Faster R-CNN utilize an alternate optimization training process between RPN and Fast R-CNN. Fast R-CNN weights are used to initiate RPN for training. The approximate joint training scheme does not backpropagate rcnn training error to rpn training.

Structure

This repository provides Faster R-CNN as a package named rcnn.

  • rcnn.core: core routines in Faster R-CNN training and testing.
  • rcnn.cython: cython speedup from py-faster-rcnn.
  • rcnn.dataset: dataset library. Base class is rcnn.dataset.imdb.IMDB.
  • rcnn.io: prepare training data.
  • rcnn.processing: data and label processing library.
  • rcnn.pycocotools: python api from coco dataset.
  • rcnn.symbol: symbol and operator.
  • rcnn.tools: training and testing wrapper.
  • rcnn.utils: utilities in training and testing, usually overloads mxnet functions.

Disclaimer

This repository used code from MXNet, Fast R-CNN, Faster R-CNN, caffe, tornadomeet/mx-rcnn, MS COCO API.
Training data are from Pascal VOC, ImageNet, COCO.
Model comes from VGG16, ResNet.
Thanks to tornadomeet for end-to-end experiments and MXNet contributers for helpful discussions.

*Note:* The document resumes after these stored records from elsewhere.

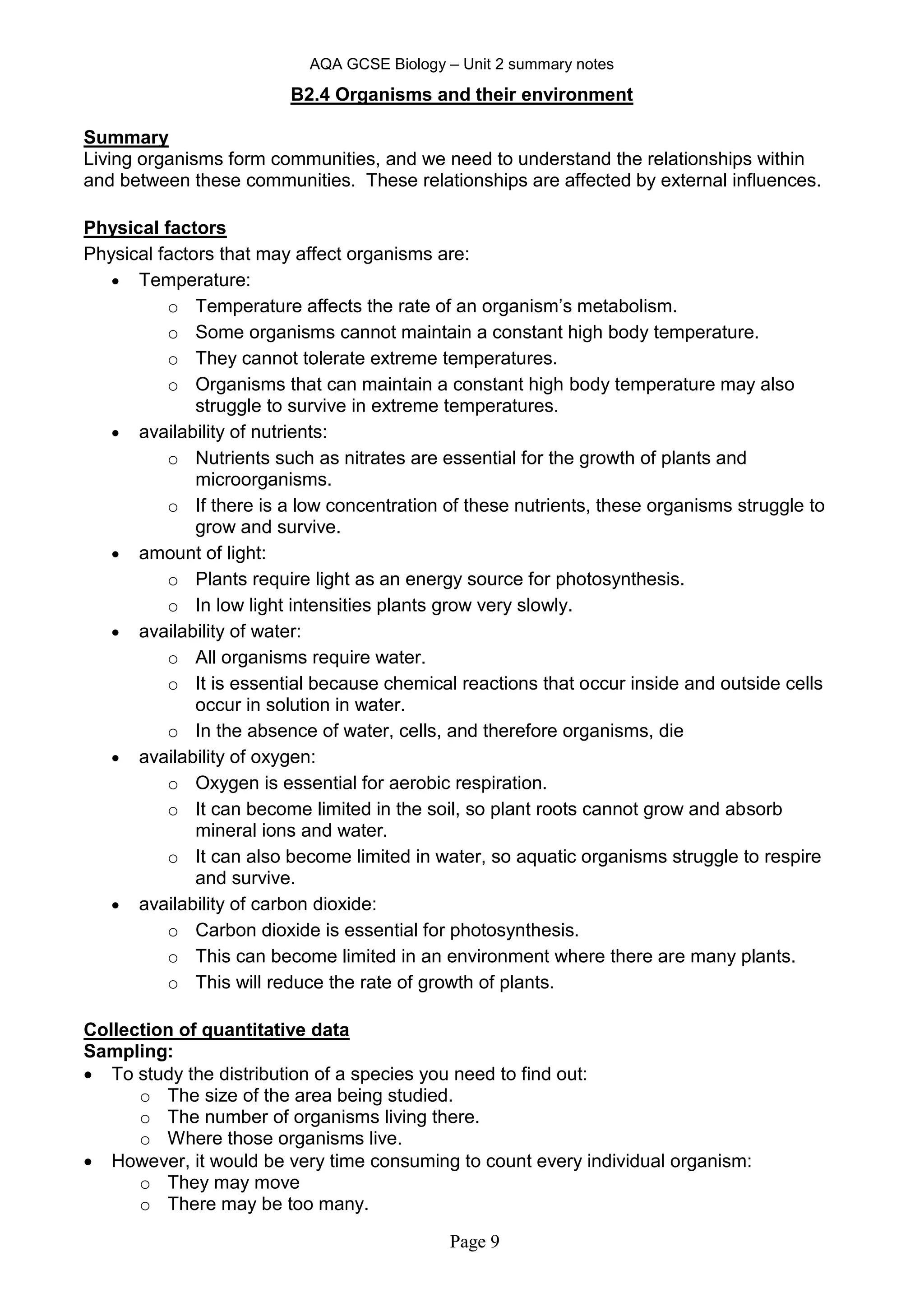 AQA GCSE Biology – Unit 2 summary notes
Page 9
B2.4 Organisms and their environment
Summary
Living organisms form communities, and we need to understand the relationships within
and between these communities. These relationships are affected by external influences.
Physical factors
Physical factors that may affect organisms are:
 Temperature:
o Temperature affects the rate of an organism’s metabolism.
o Some organisms cannot maintain a constant high body temperature.
o They cannot tolerate extreme temperatures.
o Organisms that can maintain a constant high body temperature may also
struggle to survive in extreme temperatures.
 availability of nutrients:
o Nutrients such as nitrates are essential for the growth of plants and
microorganisms.
o If there is a low concentration of these nutrients, these organisms struggle to
grow and survive.
 amount of light:
o Plants require light as an energy source for photosynthesis.
o In low light intensities plants grow very slowly.
 availability of water:
o All organisms require water.
o It is essential because chemical reactions that occur inside and outside cells
occur in solution in water.
o In the absence of water, cells, and therefore organisms, die
 availability of oxygen:
o Oxygen is essential for aerobic respiration.
o It can become limited in the soil, so plant roots cannot grow and absorb
mineral ions and water.
o It can also become limited in water, so aquatic organisms struggle to respire
and survive.
 availability of carbon dioxide:
o Carbon dioxide is essential for photosynthesis.
o This can become limited in an environment where there are many plants.
o This will reduce the rate of growth of plants.
Collection of quantitative data
Sampling:
 To study the distribution of a species you need to find out:
o The size of the area being studied.
o The number of organisms living there.
o Where those organisms live.
 However, it would be very time consuming to count every individual organism:
o They may move
o There may be too many.
 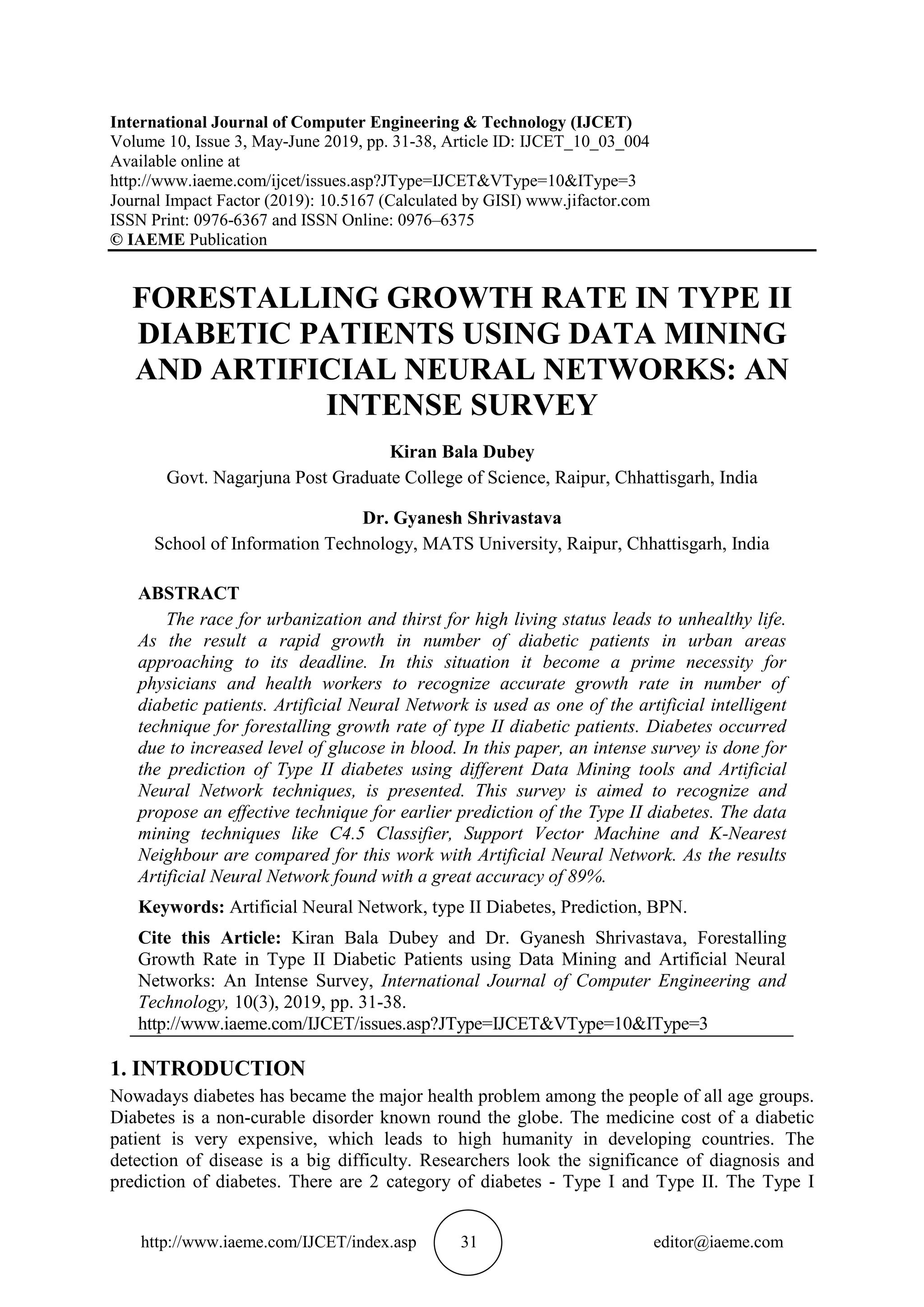http://www.iaeme.com/IJCET/index.asp 31 editor@iaeme.com
International Journal of Computer Engineering & Technology (IJCET)
Volume 10, Issue 3, May-June 2019, pp. 31-38, Article ID: IJCET_10_03_004
Available online at
http://www.iaeme.com/ijcet/issues.asp?JType=IJCET&VType=10&IType=3
Journal Impact Factor (2019): 10.5167 (Calculated by GISI) www.jifactor.com
ISSN Print: 0976-6367 and ISSN Online: 0976–6375
© IAEME Publication
FORESTALLING GROWTH RATE IN TYPE II
DIABETIC PATIENTS USING DATA MINING
AND ARTIFICIAL NEURAL NETWORKS: AN
INTENSE SURVEY
Kiran Bala Dubey
Govt. Nagarjuna Post Graduate College of Science, Raipur, Chhattisgarh, India
Dr. Gyanesh Shrivastava
School of Information Technology, MATS University, Raipur, Chhattisgarh, India
ABSTRACT
The race for urbanization and thirst for high living status leads to unhealthy life.
As the result a rapid growth in number of diabetic patients in urban areas
approaching to its deadline. In this situation it become a prime necessity for
physicians and health workers to recognize accurate growth rate in number of
diabetic patients. Artificial Neural Network is used as one of the artificial intelligent
technique for forestalling growth rate of type II diabetic patients. Diabetes occurred
due to increased level of glucose in blood. In this paper, an intense survey is done for
the prediction of Type II diabetes using different Data Mining tools and Artificial
Neural Network techniques, is presented. This survey is aimed to recognize and
propose an effective technique for earlier prediction of the Type II diabetes. The data
mining techniques like C4.5 Classifier, Support Vector Machine and K-Nearest
Neighbour are compared for this work with Artificial Neural Network. As the results
Artificial Neural Network found with a great accuracy of 89%.
Keywords: Artificial Neural Network, type II Diabetes, Prediction, BPN.
Cite this Article: Kiran Bala Dubey and Dr. Gyanesh Shrivastava, Forestalling
Growth Rate in Type II Diabetic Patients using Data Mining and Artificial Neural
Networks: An Intense Survey, International Journal of Computer Engineering and
Technology, 10(3), 2019, pp. 31-38.
http://www.iaeme.com/IJCET/issues.asp?JType=IJCET&VType=10&IType=3
1. INTRODUCTION
Nowadays diabetes has became the major health problem among the people of all age groups.
Diabetes is a non-curable disorder known round the globe. The medicine cost of a diabetic
patient is very expensive, which leads to high humanity in developing countries. The
detection of disease is a big difficulty. Researchers look the significance of diagnosis and
prediction of diabetes. There are 2 category of diabetes - Type I and Type II. The Type I
 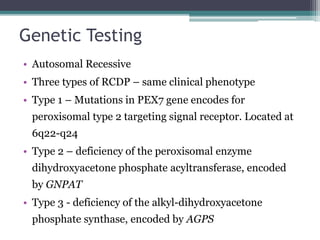 Genetic Testing
• Autosomal Recessive
• Three types of RCDP – same clinical phenotype
• Type 1 – Mutations in PEX7 gene encodes for
peroxisomal type 2 targeting signal receptor. Located at
6q22-q24
• Type 2 – deficiency of the peroxisomal enzyme
dihydroxyacetone phosphate acyltransferase, encoded
by GNPAT
• Type 3 - deficiency of the alkyl-dihydroxyacetone
phosphate synthase, encoded by AGPS
 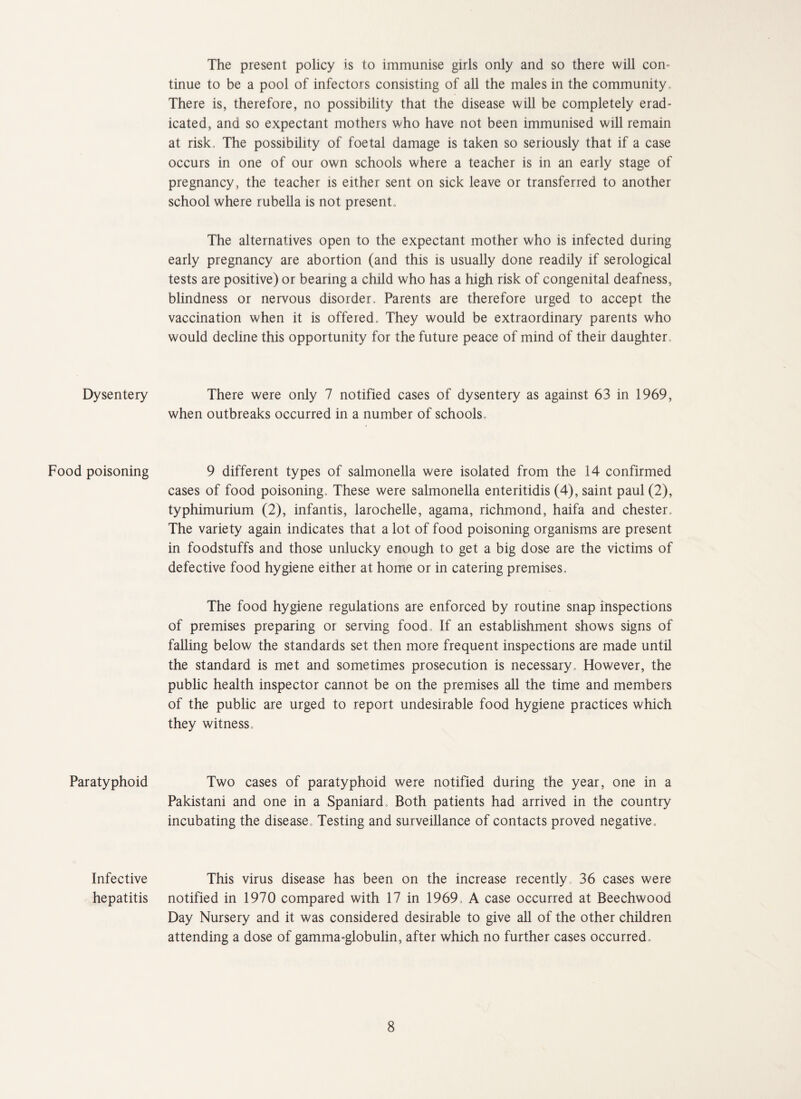 Dysentery Food poisoning Paratyphoid Infective hepatitis The present policy is to immunise girls only and so there will con¬ tinue to be a pool of infectors consisting of all the males in the community. There is, therefore, no possibility that the disease will be completely erad¬ icated, and so expectant mothers who have not been immunised will remain at risk, The possibility of foetal damage is taken so seriously that if a case occurs in one of our own schools where a teacher is in an early stage of pregnancy, the teacher is either sent on sick leave or transferred to another school where rubella is not present. The alternatives open to the expectant mother who is infected during early pregnancy are abortion (and this is usually done readily if serological tests are positive) or bearing a child who has a high risk of congenital deafness, blindness or nervous disorder. Parents are therefore urged to accept the vaccination when it is offered. They would be extraordinary parents who would decline this opportunity for the future peace of mind of their daughter. There were only 7 notified cases of dysentery as against 63 in 1969, when outbreaks occurred in a number of schools. 9 different types of salmonella were isolated from the 14 confirmed cases of food poisoning. These were salmonella enteritidis (4), saint paul (2), typhimurium (2), infantis, larochelle, agama, richmond, haifa and Chester, The variety again indicates that a lot of food poisoning organisms are present in foodstuffs and those unlucky enough to get a big dose are the victims of defective food hygiene either at home or in catering premises. The food hygiene regulations are enforced by routine snap inspections of premises preparing or serving food. If an establishment shows signs of falling below the standards set then more frequent inspections are made until the standard is met and sometimes prosecution is necessary. However, the public health inspector cannot be on the premises all the time and members of the public are urged to report undesirable food hygiene practices which they witness. Two cases of paratyphoid were notified during the year, one in a Pakistani and one in a Spaniard, Both patients had arrived in the country incubating the disease. Testing and surveillance of contacts proved negative. This virus disease has been on the increase recently, 36 cases were notified in 1970 compared with 17 in 1969, A case occurred at Beechwood Day Nursery and it was considered desirable to give all of the other children attending a dose of gamma-globulin, after which no further cases occurred.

History of this implementation is:

  • Fast R-CNN (v1)
  • Faster R-CNN (v2)
  • Faster R-CNN with module training (v3)
  • Faster R-CNN with end-to-end training (v3.5, tornadomeet/mx-rcnn)
  • Faster R-CNN with end-to-end training and module testing (v4)
  • Faster R-CNN with accelerated training and resnet (v5)

mxnet/example/rcnn was v1, v2, v3.5 and now v5.

References

  1. Tianqi Chen, Mu Li, Yutian Li, Min Lin, Naiyan Wang, Minjie Wang, Tianjun Xiao, Bing Xu, Chiyuan Zhang, and Zheng Zhang. MXNet: A Flexible and Efficient Machine Learning Library for Heterogeneous Distributed Systems. In Neural Information Processing Systems, Workshop on Machine Learning Systems, 2015
  2. Ross Girshick. "Fast R-CNN." In Proceedings of the IEEE International Conference on Computer Vision, 2015.
  3. Shaoqing Ren, Kaiming He, Ross Girshick, and Jian Sun. "Faster R-CNN: Towards real-time object detection with region proposal networks." In IEEE Transactions on Pattern Analysis and Machine Intelligence, 2016.
  4. Yangqing Jia, Evan Shelhamer, Jeff Donahue, Sergey Karayev, Jonathan Long, Ross Girshick, Sergio Guadarrama, and Trevor Darrell. "Caffe: Convolutional architecture for fast feature embedding." In Proceedings of the ACM International Conference on Multimedia, 2014.
  5. Mark Everingham, Luc Van Gool, Christopher KI Williams, John Winn, and Andrew Zisserman. "The pascal visual object classes (voc) challenge." International journal of computer vision 88, no. 2 (2010): 303-338.
  6. Jia Deng, Wei Dong, Richard Socher, Li-Jia Li, Kai Li, and Li Fei-Fei. "ImageNet: A large-scale hierarchical image database." In Computer Vision and Pattern Recognition, IEEE Conference on, 2009.
  7. Karen Simonyan, and Andrew Zisserman. "Very deep convolutional networks for large-scale image recognition." arXiv preprint arXiv:1409.1556 (2014).
  8. Kaiming He, Xiangyu Zhang, Shaoqing Ren, Jian Sun. "Deep Residual Learning for Image Recognition". In Computer Vision and Pattern Recognition, IEEE Conference on, 2016.
  9. Tsung-Yi Lin, Michael Maire, Serge Belongie, James Hays, Pietro Perona, Deva Ramanan, Piotr Dollár, and C. Lawrence Zitnick. "Microsoft COCO: Common Objects in Context" In European Conference on Computer Vision, pp. 740-755. Springer International Publishing, 2014.